Technologically-savvy, this generation has a high penchant for information technology (IT), computers, internet, mobiles and smart phones and myriad forms of modern gizmos including I Pads, Tabs and what have you. 

These young people use social media extensively for communicating and networking, and have embraced platforms like Facebook, Twitter and other chatting applications, reported Bernama.


Referring to the Merdeka Day that Malaysians recently celebrated, Psychology lecturer Karen Tan, who herself belongs to the same Gen Y agreed that for some youngsters, Aug 31 is merely a public holiday.

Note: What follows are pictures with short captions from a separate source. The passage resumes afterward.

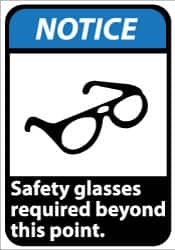 NMC - "Notice - Safety Glasses Required Beyond This Point", 14" Long x 10" Wide, Pressure-Sensitive Vinyl Safety Sign - Rectangle, 0.004" Thick, Use for Accident Prevention - Caliber Tooling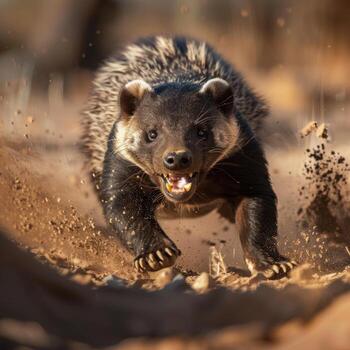 honey badger in the forest wildlife photo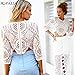 Soly Tech ROPALIA Sexy Women Lace Hollow Crop Tops Long Sleeve Blouse Shirts Zipper
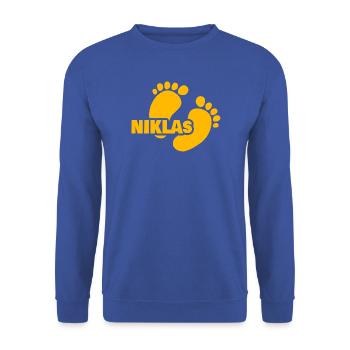 Baby Niklas - Unisex Pullover - Royalblau - Vorne - Alina (178cm) & Michal (187cm)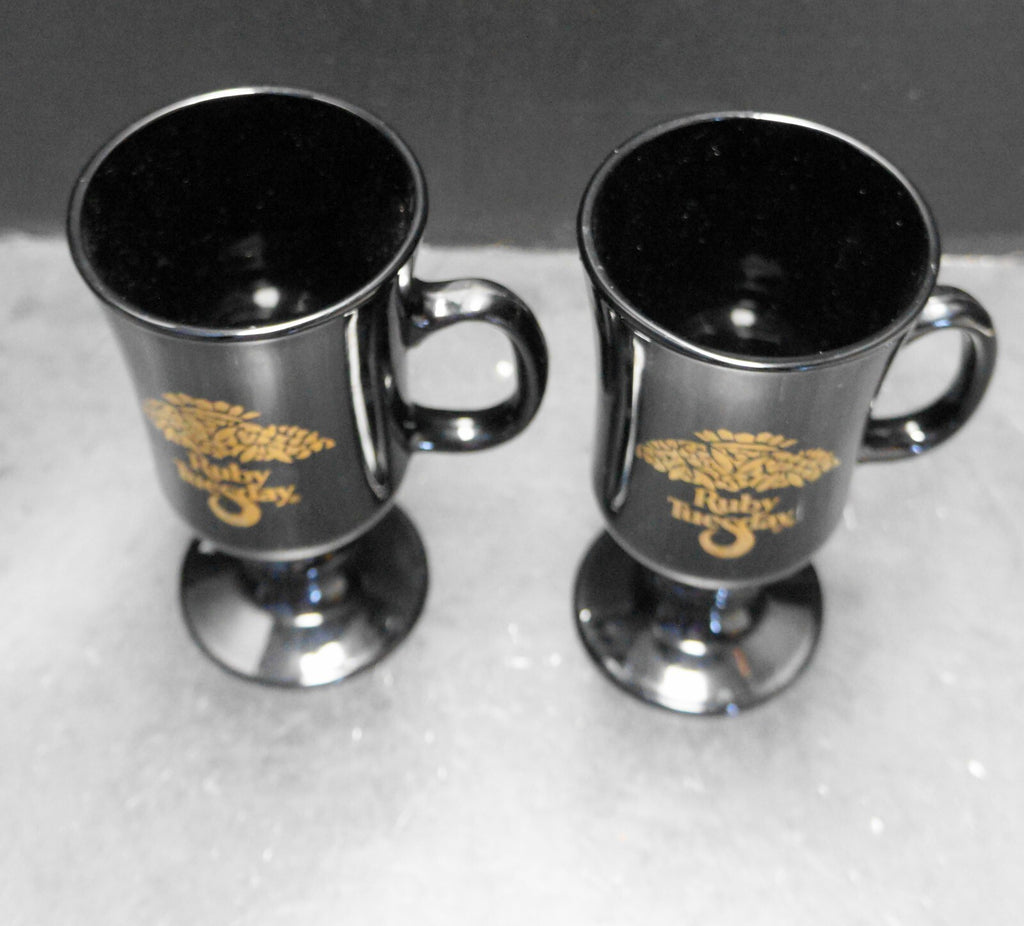Ruby Tuesday Black Glass Libbey Footed Irish Coffee Mug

According to Tan, most of them grew up without much understanding about what the day meant.

We reflect how our family members react to this very special day. This means that with the passage of time, most people's understanding of the significance of our Independence Day celebration has been declining.

"This started way before Gen Y and I personally think it would only become worse in the future," she said.

She also commented that although the Gen Y learnt about the history of the nation, but the way they were exposed to it was not effective.

For most of the students, she added, 'Sejarah' (history) is the least preferred subject.

"It is a subject associated with boredom, uninspiring, heavy with facts (with lots of name and dates to remember) and so forth.

"Sad to say, as far as Gen Y was concerned, we went through an education system that did not promote the appreciation of Merdeka Day celebration," Tan said.    


Amaraa Reyna Arunan and Olivia Eloise James belong to this Gen Y, also called the Millennial Generation (The Millennials). Born in the mid-1990s, they are both students of a premier college located in an upscale neighbourhood of Sri Hartamas near here. 

Amaraa, who wanted to become a psychiatrist, is the eldest of three siblings, and devotes part of her free time for charity work despite her heavy college workload.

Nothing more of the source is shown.